The coronavirus pandemic is the biggest global crisis in a generation. Over one-third of the world is in lockdown, global stocks have fallen over 30%, and over 3,3 billion people have been affected by full or partial workplace closures.
The United Nations calls it humanity’s “gravest test” since the Second World War and in the same manner that that war ended the reign of the Colonial Empires and triggered the ‘American Century’, so too will Covid-19 set new conditions for how “Generation Lockdown” will live life and view the world.
For South Africa, however, this new crisis could be something of a silver lining. Even before Covid-19, the country was in deep trouble, having wilfully missed its chance to remake itself after the end of apartheid in 1994. Covid-19 just may offer an opportunity to make a fresh start to address the economic divide that sits at the heart of many of our ills as a nation.

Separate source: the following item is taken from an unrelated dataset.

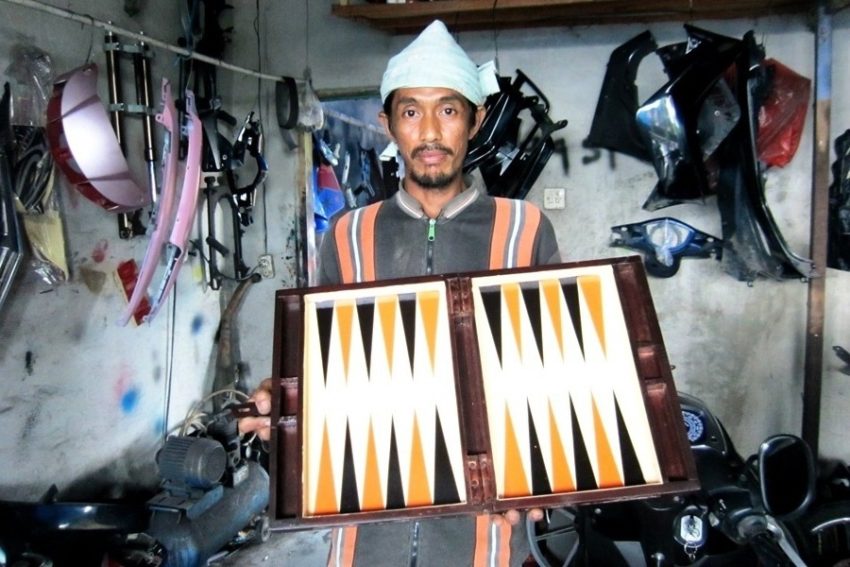Artisanat à Bali : faire un backgammon en 10 etapes !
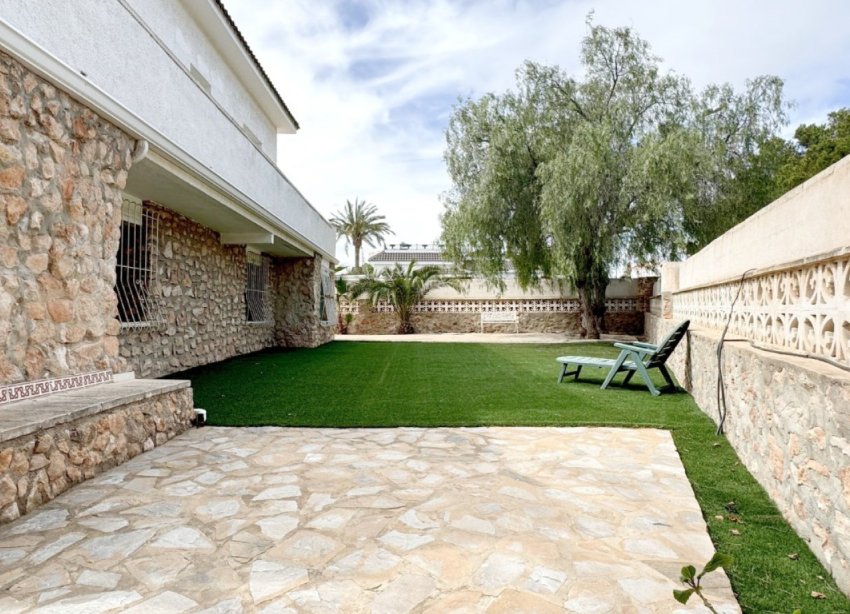 Resale - Villa - Orihuela Costa - La Zenia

At the time of writing, Covid-19 confirmed cases in South Africa were under 4,000 but increasing fast. Based on pretty scary projections, the government has initiated what is regarded as one of the most “ruthlessly efficient fights” against the pandemic. The first phase in the government’s multi-phase programme has been to declare the pandemic a national disaster and institute a countrywide lockdown.
Even if our unlikely hopes of escaping the health consequences of the pandemic come to pass, we will not escape its economic consequences. It has been estimated that the lockdown is costing the country about R13-billion per day. The lockdown and the global economic slowdown, in total, will cause South Africa’s economy to contract by 5,8% of GDP this year, according to the World Bank. The Reserve Bank’s estimate is even more gloomy, at 6,1%. Based on those estimates, this will be the worst economic contraction in the country’s history.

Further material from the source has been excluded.